Figures for May 2020 will not be available until early June; however, some real estate agents report an uptick in home sales listing and activity generally among buyers and sellers. Jim Cox of Royal Lepage Performance Realty acknowledges that the April numbers were significant and should not be ignored, “however, it’s not all doom and gloom. Demand is still high, especially in urban core neighbourhoods like Old Ottawa East, interest rates remain historically low and employment numbers seem to be strong so far in Ottawa,” notes Cox.

“To me this shows that Ottawans took the stay-at-home measures seriously, and those who could do so delayed their housing decisions. The vast majority of my clients decided to put their real estate needs on hold during March and April. But we could possibly see the new “Spring Market” this summer.”

For her part, Magee notes that the lead indicators of confidence are starting to return to the market, beyond just the absolute necessary transactions. “Where we had a real shortage of listing inventory and a lot of buyers, those buyers haven’t been absorbed anywhere. And so, while they might have put the brakes on a little bit in April, the anticipation is that those people, for the most part, are not going to go away, and they’re just waiting to re-enter the market.”

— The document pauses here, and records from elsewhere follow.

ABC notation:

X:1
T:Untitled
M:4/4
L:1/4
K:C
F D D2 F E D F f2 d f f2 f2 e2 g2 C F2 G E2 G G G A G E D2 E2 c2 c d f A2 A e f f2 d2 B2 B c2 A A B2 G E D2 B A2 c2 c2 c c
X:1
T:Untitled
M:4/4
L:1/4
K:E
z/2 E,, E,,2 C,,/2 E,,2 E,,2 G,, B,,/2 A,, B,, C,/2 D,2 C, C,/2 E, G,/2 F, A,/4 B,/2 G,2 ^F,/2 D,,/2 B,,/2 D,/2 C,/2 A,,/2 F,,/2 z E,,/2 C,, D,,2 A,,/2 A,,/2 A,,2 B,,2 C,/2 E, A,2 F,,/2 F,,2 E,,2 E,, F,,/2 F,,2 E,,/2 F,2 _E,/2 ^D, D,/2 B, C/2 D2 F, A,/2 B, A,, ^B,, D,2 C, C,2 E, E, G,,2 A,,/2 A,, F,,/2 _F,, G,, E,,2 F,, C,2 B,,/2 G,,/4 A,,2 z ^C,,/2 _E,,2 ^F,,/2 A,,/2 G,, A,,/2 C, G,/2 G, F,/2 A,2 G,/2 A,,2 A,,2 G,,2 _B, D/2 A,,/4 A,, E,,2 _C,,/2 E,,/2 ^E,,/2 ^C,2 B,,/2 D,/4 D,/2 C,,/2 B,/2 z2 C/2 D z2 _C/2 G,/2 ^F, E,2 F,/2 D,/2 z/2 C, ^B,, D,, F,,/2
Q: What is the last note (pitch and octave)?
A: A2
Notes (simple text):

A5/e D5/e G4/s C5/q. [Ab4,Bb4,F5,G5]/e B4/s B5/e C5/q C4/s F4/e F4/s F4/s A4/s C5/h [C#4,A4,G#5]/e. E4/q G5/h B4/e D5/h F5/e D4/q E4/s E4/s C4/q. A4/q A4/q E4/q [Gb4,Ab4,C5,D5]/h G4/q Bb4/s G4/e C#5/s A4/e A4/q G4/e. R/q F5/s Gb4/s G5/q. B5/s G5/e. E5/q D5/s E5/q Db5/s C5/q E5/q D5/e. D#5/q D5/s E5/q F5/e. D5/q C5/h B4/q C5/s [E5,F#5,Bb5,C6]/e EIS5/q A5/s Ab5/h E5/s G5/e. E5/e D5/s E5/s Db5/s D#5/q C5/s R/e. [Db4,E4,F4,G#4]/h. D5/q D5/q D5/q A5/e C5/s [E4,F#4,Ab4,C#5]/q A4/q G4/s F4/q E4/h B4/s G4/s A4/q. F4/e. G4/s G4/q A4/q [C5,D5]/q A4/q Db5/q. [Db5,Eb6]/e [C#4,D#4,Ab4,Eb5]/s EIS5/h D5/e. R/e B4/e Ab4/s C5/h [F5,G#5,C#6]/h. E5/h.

According to Magee: “Where we live in this neighbourhood, it’s a high demand area. If you look at average days a home was on the market, you see that it was 57 days in April 2019 and only eight days on the market in April 2020. And the sale-price-to-list price ratio for April of 2019 was 100.4% of asking, and for April 2020 it was 100.2% of asking. So, that tells us that demand is still there, and I know from our own office that we’re still seeing multiple offers on properties in the downtown core areas,” she concludes.